Dünya ticaretinde son dönemlerde yeni satış ve pazarlama metotları uygulanıyor ve ekonomide hızın ve güvenin birbirini tamamlayan iki önemli etken haline geldiği bariz bir şekilde görülebiliyor. Ne yazık ki kendisini bu yeni ortama adapte edemeyen firmalar varlıklarını sürdürmek konusunda zorlanabiliyor. Özellikle son on yılda iş dünyası internetin gücünün farkında olarak bunu başarılı bir şekilde kullanıyor. İnternete ilave olarak kullanımı yoğunlaşan araçlar arasında artık e-ticaret portal ve veri tabanları da bulunuyor. Şunu da belirtmekte fayda var ki internet üzerinden pazar ya da tedarik kaynağı araştırıldığı esnada bu kaynakların güvenilirliğinin sorgulanması büyük önem taşıyor.
Türkiye’nin 2023 yılı için belirlenen 500 milyarlık ihracat hedefinin gerçekleştirilmesine yönelik olarak KOBİ’lerin de yurt dışına büyük ölçüde açılmaya başladığı görülüyor. Bu noktada en büyük avantaj firmaların tek bir ülke piyasasına bağlı olmaması ve değişen pazar şartlarına bağlı olarak farklı ülkelerle ticaret yapabilmesi nedeni ile ihracatta kriz yaşanmaması olarak kabul ediliyor.
Yurt Dışına Açılmak İçin En Önemli Etken Kalite
İhracat işlemlerine ağırlık vermek isteyen tüm işletmeler yurt dışı ile iş bağlantılarını güçlendirmek ve yeni müşteriler edinmek istiyorlar.

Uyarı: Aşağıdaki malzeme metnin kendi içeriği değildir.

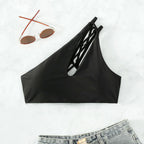 Damen Cropped Badeoberteil mit asymmetrischem Design und elegantem Cut-Out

Bu yaklaşım işletmelerin yanı sıra ülke ekonomimiz için de oldukça büyük katkı sağlayabiliyor. Bununla birlikte yurt dışında müşteri bulmak isteyen işletmelerin öncelikle potansiyel müşterilerinin ihtiyaç duyduğu kaliteye ve özelliklere sahip ürünler üretebilmeleri gerekiyor. Bunun yanı sıra ürün yelpazesine inovatif ürünlerin eklenmesi ve rekabetçi fiyatlar belirlenmesi de yurt dışında müşteri bulmak isteyen işletmeler için bir avantaj halini alabiliyor.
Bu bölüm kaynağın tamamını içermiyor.